国防総省のライダー報道官は2日、先週行われたシリア反体制派の奇襲から米国は距離を置くとした。反体制派はこの奇襲で素早く侵攻し、アレッポを数年ぶりに奪取していた。
ライダー氏は、今回の攻撃をテロ組織に認定された過激派組織「シャーム解放委員会」(HTS、旧ヌスラ戦線)の主導によるものと説明。
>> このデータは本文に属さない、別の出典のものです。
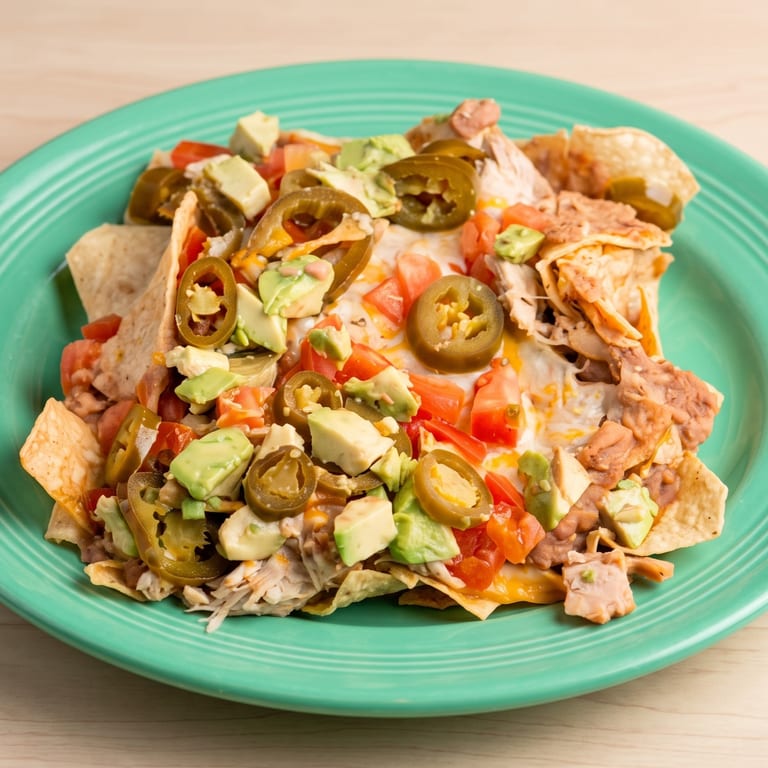 Delicious Nachos Await You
米国はいかなる形でも関与しておらず、事態の沈静化を強く呼び掛けていると述べた。
これに先立ち、サリバン大統領補佐官(国家安全保障担当)は1日にCNNの取材に答え、HTSに対する強い懸念があることを認めつつ、一方でシリアのアサド政権にある種の圧力がかかる現状には不満を感じていないことを示唆した。同政権はロシアとイラン、レバノンのイスラム教シーア派組織ヒズボラを後ろ盾とする。
「従って状況は複雑なものとなっている。我々はこれを注視し、地域の提携国とも緊密な連絡を保っている」(サリバン氏)
一方、国務省のミラー報道官は2日、アサド政権の「行動に変化が見られない」として同政権への制裁を解除しない方針を示した。シリアが内戦状態に入った2011年以降、米国はアサド政権への制裁を強化している。市民への暴力を行使する同政権に圧力をかけ、シリア国民が望む民主的な政権以降を可能にするのが目的だと国務省は説明する。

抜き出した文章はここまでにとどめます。